The most damning aspect of the entire TPPA process is that, until after it was signed, the only reliable source of information was Wikileaks. The Prime Minister and Trade Minister then, without irony, had the gall to label those protesting the Government's unwavering support for the agreement as ignorant.
In Summary
Yes, the wording of the TPPA is pretty damning in many areas, particularly related to medical patents, copyright term extension, Technical Protection Measures (which means "protecting corporate interests from society"), but the specific terms of the TPPA are a distraction.
The problem is not what the TPPA says, it is what it is - a 6000 page document which constrains trade and international interaction, rather than freeing it. Each word in those 6000 pages is subject to interpretation and will need to be clarified by costly legal review, and contested in the courts, probably the extra jurisdictional, secret ISDS courts.

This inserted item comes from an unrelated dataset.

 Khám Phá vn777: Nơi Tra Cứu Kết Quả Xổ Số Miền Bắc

For all practical purposes, the TPPA puts the rights of megacorps ahead of those of nation states and their citizens. Perpetual litigation is business as usual for them. We all know that megacorps can easily outgun individual nation states with regard to legal representation. In the recent case between Apple corporation and the US Government regarding iPhone encryption, a widely broadcast tweet from Edward Snowden rightly proclaimed
"Today I learned that #Apple has way better lawyers than the DOJ."

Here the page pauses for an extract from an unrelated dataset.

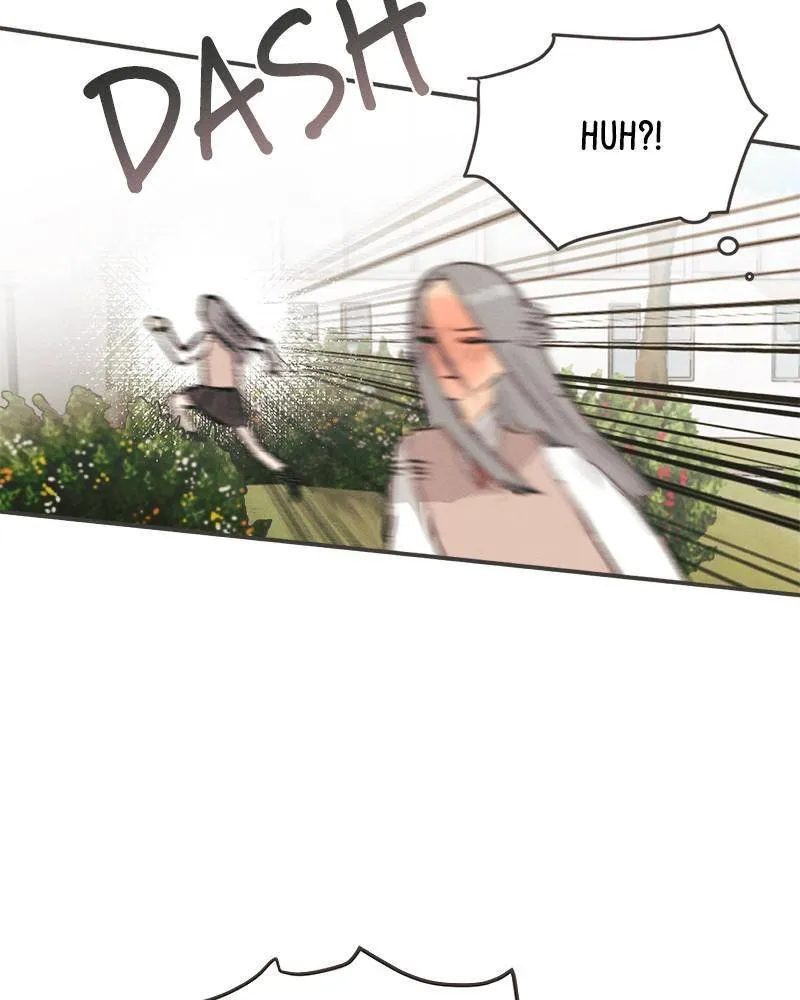 Happy Summer Dream Chapter 1 page 105 -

The predicted benefits touted for the TPPA are, at best, marginal, and to the extent that they are positive, only large business in any participating country will benefit directly. To suggest that the TPPA is beneficial to citizens is farcical, as it implicitly requires faith in "Trickle Down" economics which today should be regarded with the same complete contempt as those who promote the medicinal value of homeopathic remedies.
The anti-democratic secrecy of the negotiations is the most fundamentally damaging aspect of the TPPA. That the US demanded it, at the behest of corporate lobbyists, and that the National Party accepted that demand and even defended it to the hilt, is a breach of faith between the TPPA supporters in our government and the people of this country.
These implications of the TPPA amount to profound changes to NZ's constitution. They have not undergone proper scrutiny, and fail the democracy test.
Reflections
The committee members in attendance were Mark Mitchell (Chairperson - National Party, Rodney), Dr Shane Reti (Deputy Chairperson - National Party, Whangarei), David Bennett (National Party, Hamilton East), Dr Kennedy Graham (Green Party, List), Fletcher Tabuteau (NZ First, List), Lindsay Tisch (National Party, Waikato), David Shearer (Labour Party, Mt Albert), and one other from National, whose name I couldn't read, presumably either Jami-Lee Ross (National Party, Botany) or Dr Jian Yang (National Party, List). Absent were Hon Phil Goff (Labour Party, Mt Roskill) and either Jami-Lee Ross or Dr Jian Yang.
My comment on the government's support for the secrecy of the TPPA negotiations and text being "traitorous" got a rise (literally) from both David Bennett and one of the other Nat'l MPs next to him and requests for censure and questions of decorum. It confirms that they were listening, for which I thank them.
On finishing, I had questions asked of me by both David Shearer and Kennedy Graham regarding the question of constitutional change. Many thanks to them both for seeking clarification, and to Mark Mitchell for providing a fair and supportive atmosphere.
Also, word to the wise, even though it's not obviously stated anywhere via signage, taking photos in the session is not allowed.
Thanks to those in the gallery for their frequent and positive support for my statements.